____ Data supplied
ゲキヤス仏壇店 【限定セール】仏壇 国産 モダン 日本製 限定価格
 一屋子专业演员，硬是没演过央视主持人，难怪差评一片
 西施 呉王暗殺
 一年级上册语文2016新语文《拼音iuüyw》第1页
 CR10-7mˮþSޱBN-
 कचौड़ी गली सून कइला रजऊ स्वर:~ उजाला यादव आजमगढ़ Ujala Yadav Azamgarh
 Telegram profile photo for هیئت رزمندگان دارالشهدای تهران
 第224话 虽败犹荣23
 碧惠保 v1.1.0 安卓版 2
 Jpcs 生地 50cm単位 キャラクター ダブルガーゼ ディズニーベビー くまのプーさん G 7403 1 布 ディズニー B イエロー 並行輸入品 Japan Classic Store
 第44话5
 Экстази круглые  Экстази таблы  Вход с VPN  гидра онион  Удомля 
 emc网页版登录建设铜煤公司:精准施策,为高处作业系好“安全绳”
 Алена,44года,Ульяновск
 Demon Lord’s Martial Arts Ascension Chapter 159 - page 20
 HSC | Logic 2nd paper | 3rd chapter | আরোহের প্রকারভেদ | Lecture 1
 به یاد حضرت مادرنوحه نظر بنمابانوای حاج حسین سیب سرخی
________
- **Activity**
Look above for the line containing "Алена,44года,Ульяновск", then transcribe it and all lines after it through the last, exactly and with nothing else.

- **Output of the exercise**
 Алена,44года,Ульяновск
 Demon Lord’s Martial Arts Ascension Chapter 159 - page 20
 HSC | Logic 2nd paper | 3rd chapter | আরোহের প্রকারভেদ | Lecture 1
 به یاد حضرت مادرنوحه نظر بنمابانوای حاج حسین سیب سرخی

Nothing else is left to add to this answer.